MTV, VH1, CMT and Logo GM Amy Doyle Leaving Viacom After 20 Years
A key member of rising Viacom star Chris McCarthy's regime is leaving the company.
A key member of rising Viacom star Chris McCarthy’s regime is leaving the company.
Amy Doyle, who serves as general manager at McCarthy’s MTV, VH1, CMT and Logo, has opted to exit her role after 20 years with the media giant. She will remain on through the spring as she works closely with her longtime friend, McCarthy, who in the past few months has added oversight of Paramount Network, Comedy Central and Smithsonian Channel to a purview that already included MTV, VH1, CMT, TV Land and Logo.
Doyle’s responsibilities are expected to be divided among other members of McCarthy’s administration as he consolidates operations across the increasing number of cable networks he oversees in his expanding Entertainment & Youth Group.
McCarthy announced Doyle’s departure in a memo to staff early Tuesday (Jan. 21). “I’m not going to lie; this is a hard one for me,” McCarthy wrote in the memo announcing Doyle’s departure. (Read it in full, below.) “Amy and I have been working side by side for most of those 20 years. She is a trusted and talented colleague, a valued confidant and advisor and, most importantly, my great friend. I will miss her dearly as I know you will too.”

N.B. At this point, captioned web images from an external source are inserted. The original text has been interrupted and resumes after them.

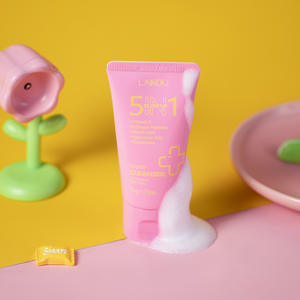 Limpieza profunda Hidratante Brillo Hidratante Lavado facial 5 en 1 Resplandor Super Limpiador Crema Control de aceite Limpiador facial - Product Image 1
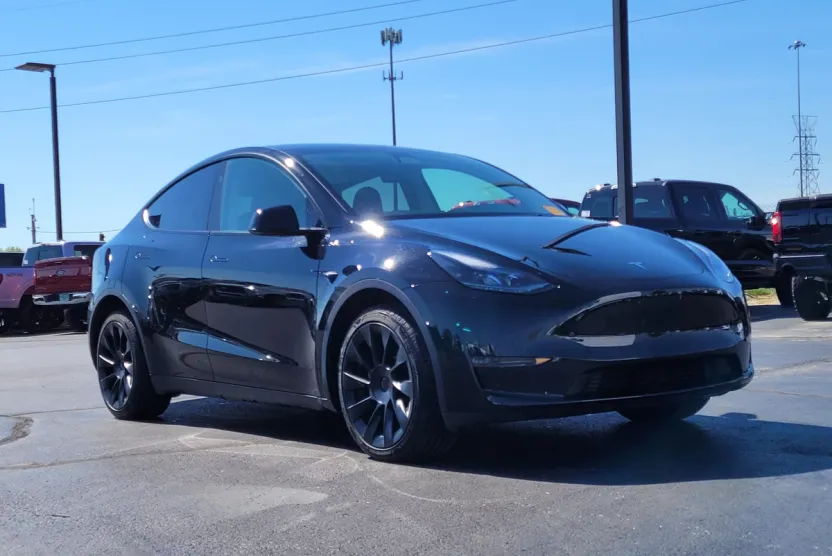 2024 Tesla Model Y Long Range photo 1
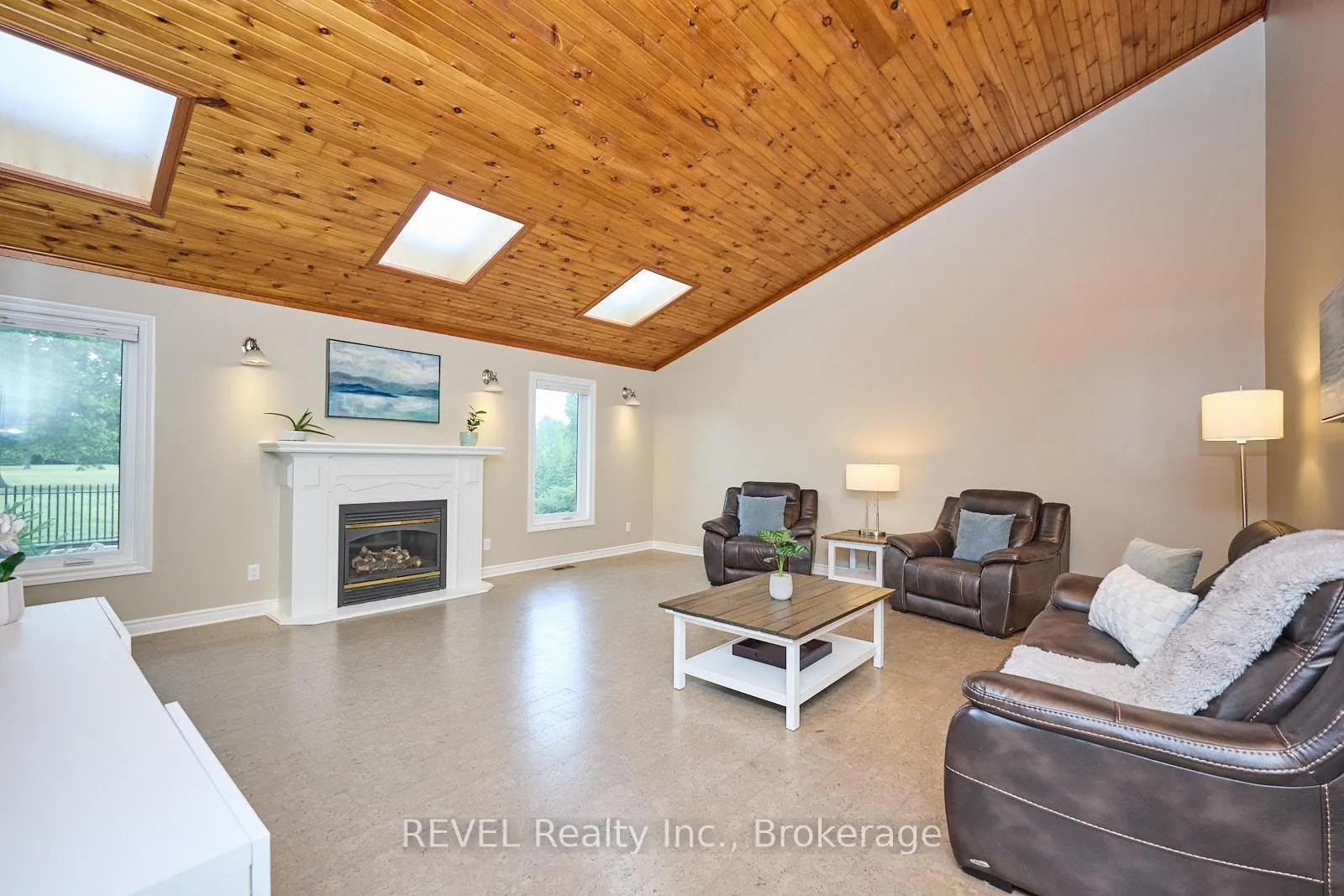 Photo 20 of 354 Doan's Ridge Road, Welland, Cooks Mills — HOMEH
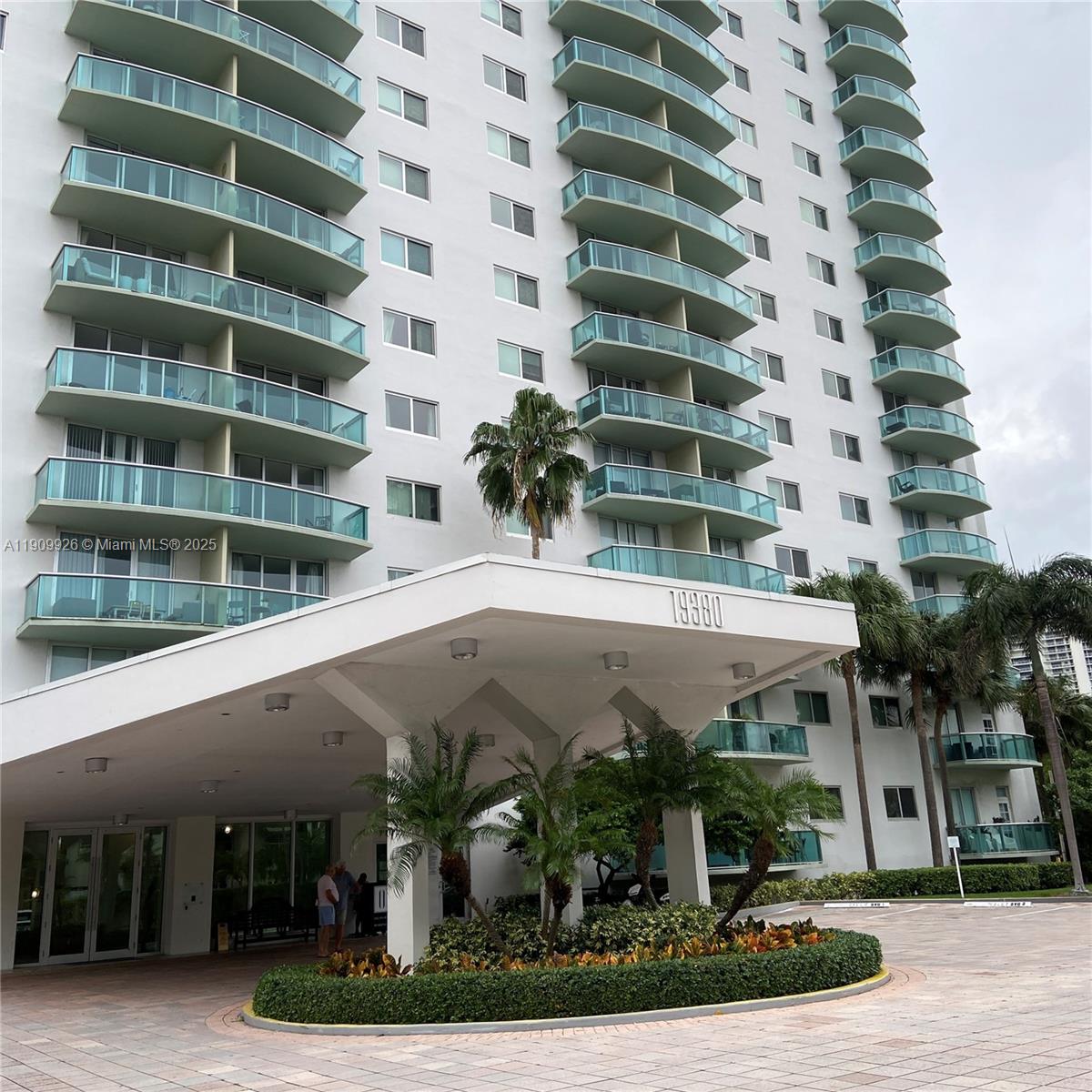 OCEANVIEW BUILDING B COND - Residential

Doyle was appointed GM at MTV, VH1 and Logo three years ago and, as McCarthy added to a purview that originally included VH1 — where the duo both started. Since then, Doyle was partnered with McCarthy on the overall creative management of the group, including oversight of tentpole events, specials, network and celebrity talent as well as other purviews.
During her tenure, Doyle worked on MTV’s tentpole events, including the Movie & TV Awards and VMAs, among others. She was deeply involved in VH1’s Save the Music Foundation and other programs focusing on arts education.

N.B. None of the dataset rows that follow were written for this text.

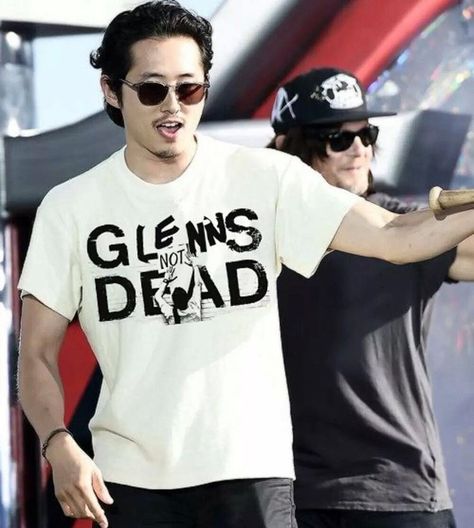 Steve Yeun, Glenn The Walking Dead, Steven Yuen, Glenn Y Maggie, Twd Funny, Glenn Rhee, Twd Memes, Twd Comics, Steven Yeun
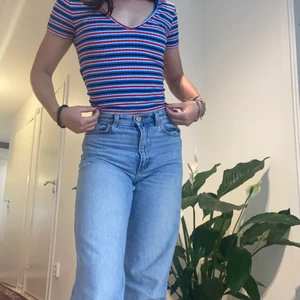 Randig, tajt, tröja från Ginatricot - Super söt randig tröja från Ginatricot med snygg Low cut fram och back!! Sitter väldigt fint och har skönt och strechigt material. Är storlek XS men passar S. Säljer pga lite användning! 170kr! 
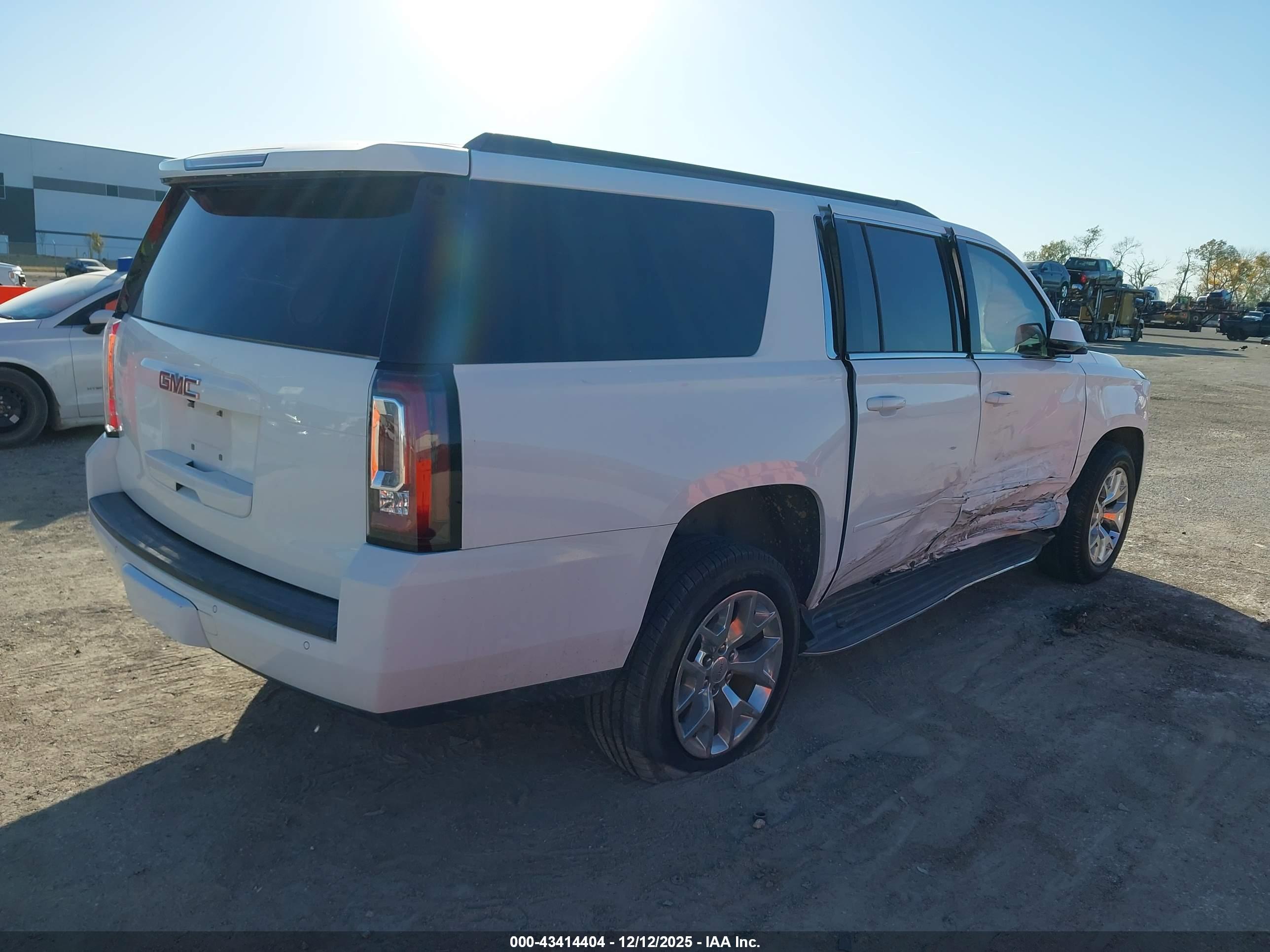 GMC YUKON image 4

Doyle’s departure arrives as ViacomCBS continues to shuffle the decks after remerging last year. The combined company is in the midst of merging several operations, with layoffs already underway in departments such as administrative as the media giant looks to eliminate redundancies and better position itself for the future.
Here’s McCarthy’s memo to staff:
After 20 years as part of our great brands, Amy has decided to step away from her role as General Manager for MTV, VH1, CMT and Logo. During her long and successful tenure, she will leave a legacy of building incredible teams, championing talent and creating some of the most memorable moments in pop-culture history.
The list of entertaining and culturally relevant events and shows Amy helped to bring to life is as large and diverse as her taste in music. From the reinvention of the Movie & TV Awards, to so many unforgettable VMAs, Woodies, Trailblazers, Divas, Hip Hop Honors and many more.
Amy was instrumental in helping pave the way for artists to make their mark on one of our stages – including Beyoncé, Adele, Camila Cabello, P!nk, Queen Latifah, Florence and the Machine, Tiffany Haddish, Rebel Wilson and Chelsea Handler to name just a few. If you can’t tell from that list, Amy has always been an advocate for female voices – both in front of and behind the camera, and on every one of our floors.
With Amy, creativity, culture and compassion always come first. She is a huge champion of our brands, our social impact work and each of you – she has helped shape the heart and soul of the company and for that we thank her dearly. Not to mention the fact that she’s smart, funny, warm and a great leader. You have to look no further for proof of her special talent, than the team she put together and the leaders she leaves behind.
While doing all of this, she also made time to personally give back, serving on the Board of the All Stars Project and VH1’s Save the Music Foundation where she was co-chair. During Amy’s oversight, Save The Music partnered with artists, brands and educators to start music programs at over 250 public schools – including our first-ever music technology grants – impacting thousands of students nationwide. She has also been honored by many nonprofit organizations including the UJA and the ACLU.
Finally, as much as I respect Amy as a leader, I equally admire her as a friend. She’s not just there for the good times, she’s been there for the tough ones too. I’m not going to lie; this is a hard one for me. Amy and I have been working side by side for most of those 20 years. She is a trusted and talented colleague, a valued confidant and advisor and, most importantly, my great friend.
I will miss her dearly as I know you will too.
The good news for all of us is that she’ll be here through the spring to help me with the transition.
Please join me in thanking Amy for everything she has done and wishing her the very best in her next chapter.